There were a few more scenes like this one, then long letters blotched with tear stains, then angry outbursts during evening recreation, when in my boredom I would gravitate toward the common room. During one of those times he deliberately spilled his drink on me as I sat on the sofa, joking with one of the younger, better-looking brothers.
"Oh, I'm sorry, Brother," he said, with exaggerated remorse. "Hell, I'm clumsier than a blind old cat." He mopped my habit with his handkerchief.
"Never mind, Luke." I grabbed the handkerchief from him.
"Never mind? Hell no. I'm a damned good brother. I'm here to serve."
Two brothers seated near the piano interrupted their conversation at Luke's loud declaration, made, as best I could tell, with the help of a few glasses of wine. Michael, playing a board game with Brother George, the administrator, also glanced up and comprehended the situation at once. When Luke tried to tug the handkerchief away from me, his eyes filling with angry tears, Michael came over and reasoned with him.
"Luke, why don't you come help me a minute in the greenhouse."
"To hell with the greenhouse." Luke's blue eyes stood out against his flushed cheeks. "To hell with you." He turned, stumbling against a chair, and charged out of the room.
"Maybe you should go help him," I said to Michael.
His dark eyes peered at me with uncertainty and reserve, but also with something more. "No, he's best left alone for now."
After another similar scene, and after the abbot counseled Luke that the end of our intimacy was for his good, Luke rebelled again, calling me a cocksucker in chapel. When he ventured to my cell later that night, drunkenly remorseful and eager to plead for my affection, I clutched him by his slender throat. His eyes widened in horror. The acne on his cheeks stood out like blue match heads against his white face.
"Listen to me, damn you. I'll kill you if you don't shut your mouth and stay out of my way." I flung him to the floor.
"Kill me then!" he sobbed, rubbing his neck.
When I lifted my foot to kick him, I felt a twinge of conscience, even pity. I stepped over him and left my
cell.
Chapter Eighteen
« ^ »
The sheriff and his men found the remains of two more bodies, and their investigation turned up another 15 missing people. Although it had been a couple of months since I'd preyed on the mountain dwellers, the new findings alarmed the monks.
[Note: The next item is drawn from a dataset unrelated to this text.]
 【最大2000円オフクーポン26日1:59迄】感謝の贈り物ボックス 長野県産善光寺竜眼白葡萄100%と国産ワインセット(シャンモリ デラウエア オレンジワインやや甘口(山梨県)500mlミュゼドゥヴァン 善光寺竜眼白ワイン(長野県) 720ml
The sheriff asked us to assemble so he could warn us to stay in after dark, when a culprit could lurk about with less danger of detection, and not to wander in the woods alone, even though no recent victims had been discovered.
That night I was taking some air at the edge of the woods, deliberating whether I should feed in the city or wait until the next night when the monks might be less alert. It was August, still warm, though I smelled rain in the heavy air and a breeze stirred the branches. A circle of light suddenly glowed near the monastery and grew larger as it approached me.
"Who's out there?" Michael called when he heard me snap a limb. He scanned the trees with his flashlight.
The darkness that shielded me from him did not, of course, shield him from me. I watched his athletic form, dressed like me in jeans and a T-shirt, hike with determined strides toward the forest.
As he neared, he inadvertently shined the torturous light in my eyes.
"You're blinding me, for God's sake," I said.
"Brother Victor?" He lowered the light. "What are you doing here?"
"Taking a walk. My usual midnight stroll."
"I see. You're not afraid of the lunatic roaming the mountainside." His tone was lighter, more agreeable than it had ever been with me.
"I'll take my chances. Where are you going?"
"I'm worried about a couple of kids up there. Their father went to the city to find work. They're alone. He called from Knoxville just before compline. Said people were talking about the new bodies and he got worried. I told him I'd check in on his kids."